Students are in the classroom to learn. This is not a controversial statement. What the statement lacks, however, is the conceptual definition of “learning”. It is my belief that my classroom’s purpose is to disseminate tools students may use to process the world around them, increase understanding of it, and then devise actionable solutions to the problems that interest them. This comprises my definition of “learning.” In the field of economics, these tools may be as practical as a method for handling statistical issues in a dataset, or they may be as general as frameworks for understanding human action.
Tools have three components for usefulness. First, one must have a tool in order to use it. Second, one must understand the context for the tool – its purposes and its limitations. A Phillips-head screwdriver is useful for removing or tightening screws of a specific type, and it useless when the problem at hand is a nail. Finally, the construction and development of the tool itself speaks to process by which new tools are developed. My teaching philosophy is guided by these three components, and my teaching experience shows direct evidence of this.
Teaching the Tools
Explaining and understanding the world around us requires us to abstract to simplifications. Models and theories allow us to do this, and thus are the core tools taught in my classroom. In “Statistics for Environmental Scientists,” which I taught in Fall 2016 at Duke University, I presented statistical modeling techniques ranging from simple t-tests to ANOVA models to linear and non-linear regression as tools for explaining environmental data and phenomenon. A large part of my belief in tools-based teaching is that we learn by doing. Thus, I took a hands-on approach, providing students with actual data and actual questions, showing them how to use, for example, a t-test, and connecting the results of the empirical test back to the world as a whole. We question the nature of the population, we take a sample, we make inference on that sample, and we discuss how this relates to the population as a whole. As part of this course, students were asked to form groups and write a final paper answering a question of their choice. The results were rich and varied, with students answering questions about myriad topics, and every tool taught made an appearance.

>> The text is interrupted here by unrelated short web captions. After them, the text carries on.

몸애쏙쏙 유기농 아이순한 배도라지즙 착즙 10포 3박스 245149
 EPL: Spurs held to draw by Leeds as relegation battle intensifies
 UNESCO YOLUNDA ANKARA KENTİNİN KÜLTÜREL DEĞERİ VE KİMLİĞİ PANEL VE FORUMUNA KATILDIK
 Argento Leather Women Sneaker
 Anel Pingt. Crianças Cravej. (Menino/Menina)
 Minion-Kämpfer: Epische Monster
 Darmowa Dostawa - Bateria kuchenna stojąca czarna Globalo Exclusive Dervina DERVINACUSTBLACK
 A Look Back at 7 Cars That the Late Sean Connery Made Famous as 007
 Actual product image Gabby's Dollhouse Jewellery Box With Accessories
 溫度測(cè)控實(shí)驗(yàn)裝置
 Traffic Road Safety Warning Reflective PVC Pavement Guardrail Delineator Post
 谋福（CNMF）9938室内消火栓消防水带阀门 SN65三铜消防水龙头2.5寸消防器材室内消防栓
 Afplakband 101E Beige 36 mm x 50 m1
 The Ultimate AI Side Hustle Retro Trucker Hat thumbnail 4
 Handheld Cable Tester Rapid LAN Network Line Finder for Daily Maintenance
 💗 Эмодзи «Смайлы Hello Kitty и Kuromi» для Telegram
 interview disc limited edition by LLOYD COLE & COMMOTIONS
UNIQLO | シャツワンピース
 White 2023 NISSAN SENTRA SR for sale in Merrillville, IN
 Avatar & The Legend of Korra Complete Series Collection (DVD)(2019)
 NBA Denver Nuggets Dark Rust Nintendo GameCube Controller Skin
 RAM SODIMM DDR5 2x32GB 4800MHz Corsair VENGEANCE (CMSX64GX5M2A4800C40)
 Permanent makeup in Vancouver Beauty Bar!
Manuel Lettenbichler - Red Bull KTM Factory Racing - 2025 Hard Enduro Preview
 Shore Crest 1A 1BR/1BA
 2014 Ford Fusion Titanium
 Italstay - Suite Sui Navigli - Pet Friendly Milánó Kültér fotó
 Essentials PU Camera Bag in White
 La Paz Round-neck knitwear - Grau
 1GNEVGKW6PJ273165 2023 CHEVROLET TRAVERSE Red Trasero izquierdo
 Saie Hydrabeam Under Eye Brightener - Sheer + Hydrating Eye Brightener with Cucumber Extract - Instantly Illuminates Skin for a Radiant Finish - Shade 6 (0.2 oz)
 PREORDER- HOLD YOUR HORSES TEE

While this statistics course centered on statistical models, tools are not limited to modeling techniques. Economic and political theories that provide frameworks for understanding human decisions (e.g. behavioral economics) or policy outcomes (e.g. punctuated equilibrium) are teachable tools in my portfolio as well. Tools, in general and in my view, include critical thinking, problem-solving, and many other more abstract concepts.
Context and Limitations
Learning about a tool requires more than executing it. It is vital to teach the context for a tool – the settings in which it is applicable, the assumptions it requires, and the limitations in its conclusions. In the context of “Statistics for Environmental Sciences,” I presented the underlying assumptions of each model, and following the “learn by doing” philosophy, wrote labs that required students to select the right tool, test its assumptions, and justify its use. For part of the final assignment, students were required to identify a statistical issue in the chosen model and independently find a solution to this issue. For example, a student who chose to analyze time series data identified an issue in the residual-versus-fitted plot of his model. Although the course did not cover serial correlation, he researched the issue and identified an appropriate method for adjusting standard errors. This continuation of my hands-on approach ensures that students are well-equipped to solve new problems in the future, which is vital to my teaching philosophy.
Construction and Development of New Tools
As students progress in their understanding and application of tools, it is important that they have a foundation in how and why existing tools have been developed. The purpose of this is to foment new tools – new frameworks and theories to explain the unexplained phenomenon, and new ways of testing these theories. As an example of one means of accomplishing this, I would assign students in an econometrics course the task of identifying and presenting the methods and history of one specific model (e.g. difference-in-differences, synthetic counterfactual method, propensity score matching), giving them an understanding of how a model works as well as why the model was developed.
My philosophy is not limiting in the definition of “learning.” Instead, it recognizes that students’ progress in life will be measured in challenges successfully met – in questions chosen and successfully answered. My hands-on, tools-based philosophy encourages the growth of researchers, problem-solvers, and critical thinkers in an efficient manner, and with measurable results.